Union leaders have insisted demands for a 6.5% pay rise for council workers are “realistic”.
Unison, Unite and the GMB want staff to have a salary increase of either £1,500 or 6.5%, depending on which is greater.
The unions submitted their pay claim for 2018/19 to local government body Cosla, saying a rise of this level was needed for workers’ pay to increase in line with inflation and to start to address the real-terms loss of earnings staff suffered when public sector pay was capped.
Finance Secretary Derek Mackay fulfilled a pledge to lift the 1% pay cap in his draft Budget, but it will be councils who have to find the cash to fund an increase in staff wages.
The Scottish Government’s public sector pay policy for 2018/19 includes a guaranteed minimum increase of 3% for all public sector workers earning £30,000 a year or less.
Those earning between £30,000 and £80,000 should receive up to 2%, while any rise for those on salaries above this should be limited to £1,600, it states.
Johanna Baxter, head of local government bargaining for Unison Scotland, said it welcomed the government’s intention to lift the pay cap for public sector workers.
She said: ” Our members, working hard to deliver a good public service in local authorities across the country, should be covered by this commitment.
“This claim is therefore both realistic and in line with the Government’s stated objective of lifting the pay cap for public sector workers.”
Ms Baxter said: ” Our local government worker members have suffered a real-terms loss in pay over the past ten years of some 15%.
“It is only right therefore that this year’s pay settlement must protect workers from the sharp rise in inflation, start to reverse the many years of real-terms cuts to wages through pay restoration, and protect the lowest paid.”
She added: ” It is untenable for the Scottish Government to starve local authorities of funding when it has received a £188 million cash increase in its budget from Westminster.

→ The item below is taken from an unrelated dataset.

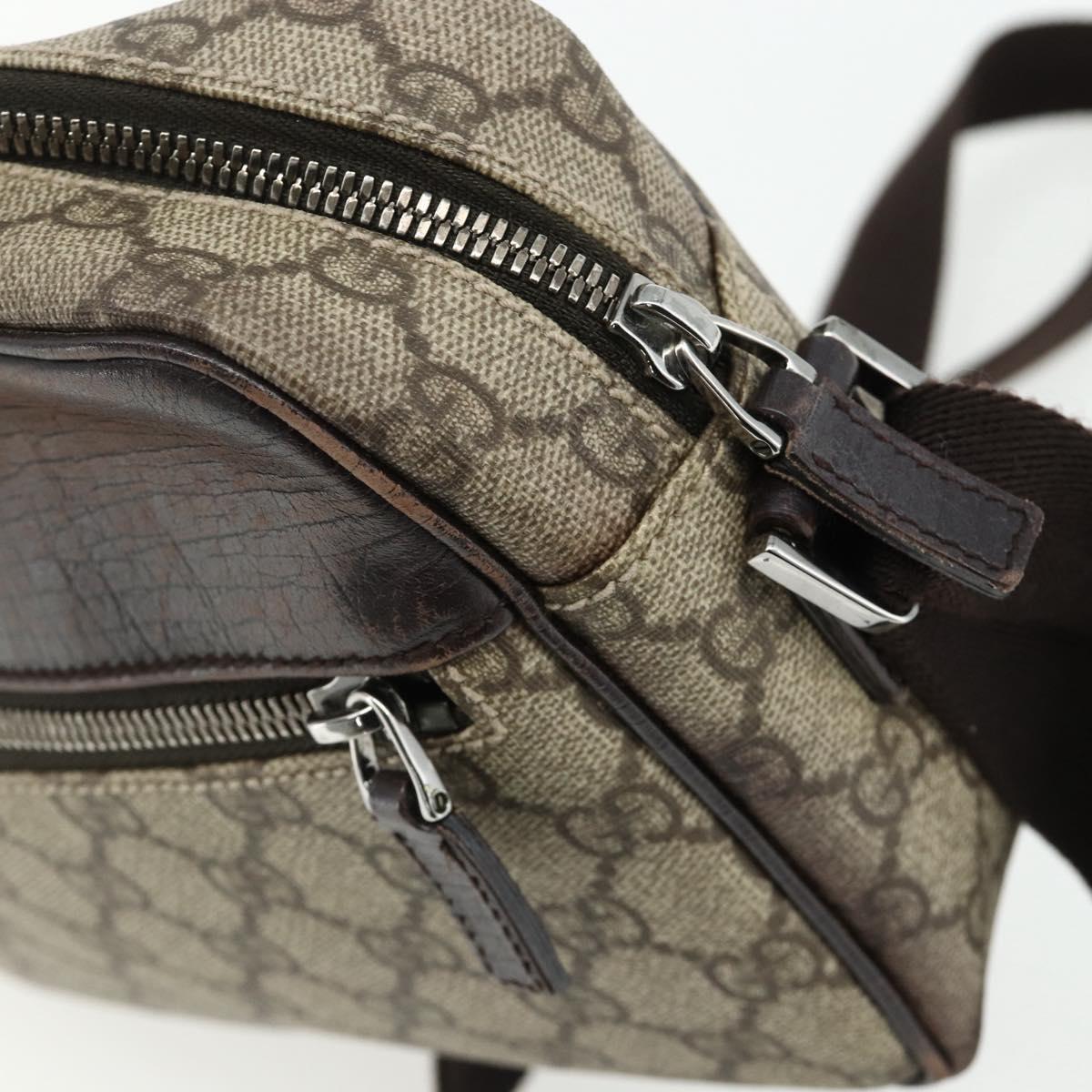 GUCCI GG Supreme Shoulder Bag PVC Beige Silver 114291 Auth ep14204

“Austerity has meant £1.4 billion of efficiency savings in Scottish local government since 2012 and 30,000 people have lost their jobs in Scottish local government over the last five years.
“The remaining staff are expected to do more for less. This is understandably having an impact on staff morale and job security.

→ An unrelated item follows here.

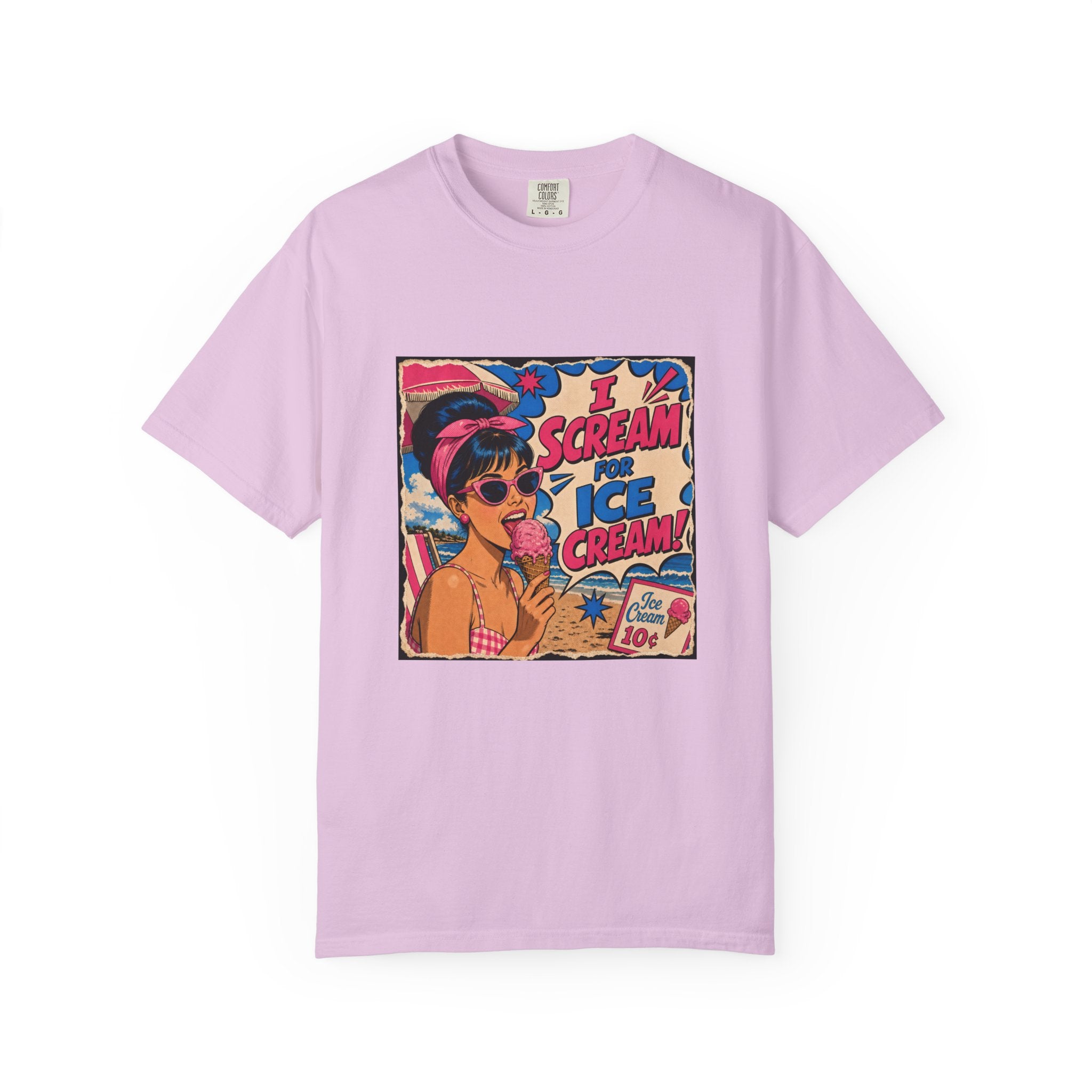 Pop Art Women's Tee- I Scream For Ice Cream Retro Graphic Tee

“The key to the future of local government lies with the dedicated staff who provide the services to our communities.
“This must be recognised and staff properly rewarded through this pay round and in the future in redressing the balance of earnings against the cost of living.”
Cosla resources spokeswoman Councillor Gail Macgregor said: “We met with the trade unions today. This was the first meeting in relation to this year’s pay award.

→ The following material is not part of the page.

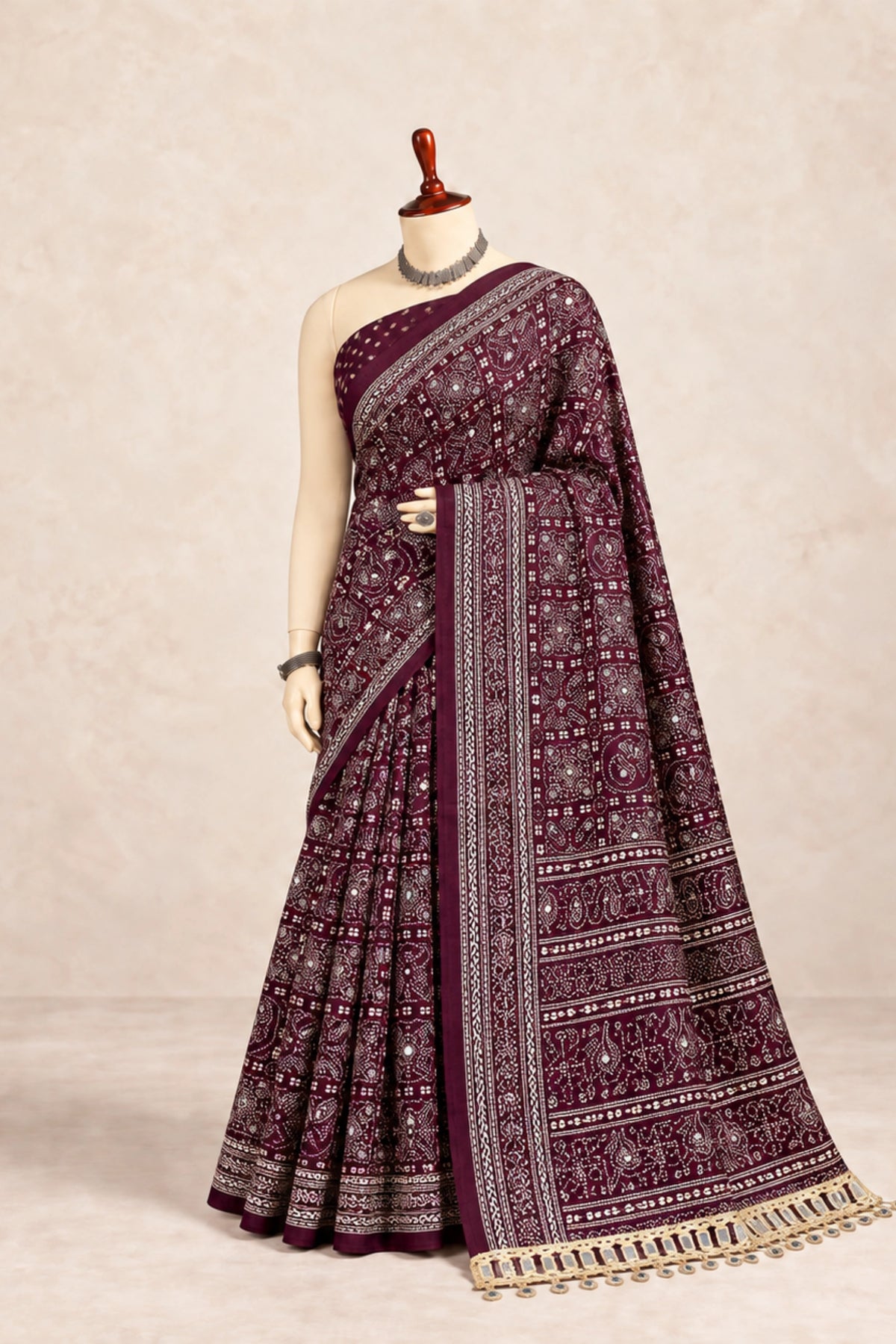 Wine Pure Ajrakh Silk Saree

“We will take the claim away and consider it carefully, obviously taking full cognisance that, as employers, our pay awards have to be both sustainable and affordable.”
A Scottish Government spokeswoman said: “Pay and other employment issues for local government staff are matters for local authorities.
“Despite the UK Government’s cuts to the Scottish budget, we have continued to treat local government very fairly.
“The 2018-19 local government finance settlement foresees an increase both in revenue and capital (11%) investment as part of a wider package of measures.
“Together with the additional power to increase council tax by up to 3% (worth around £77 million next year), this will generate an increase of 1.6% in the overall resources to support services.”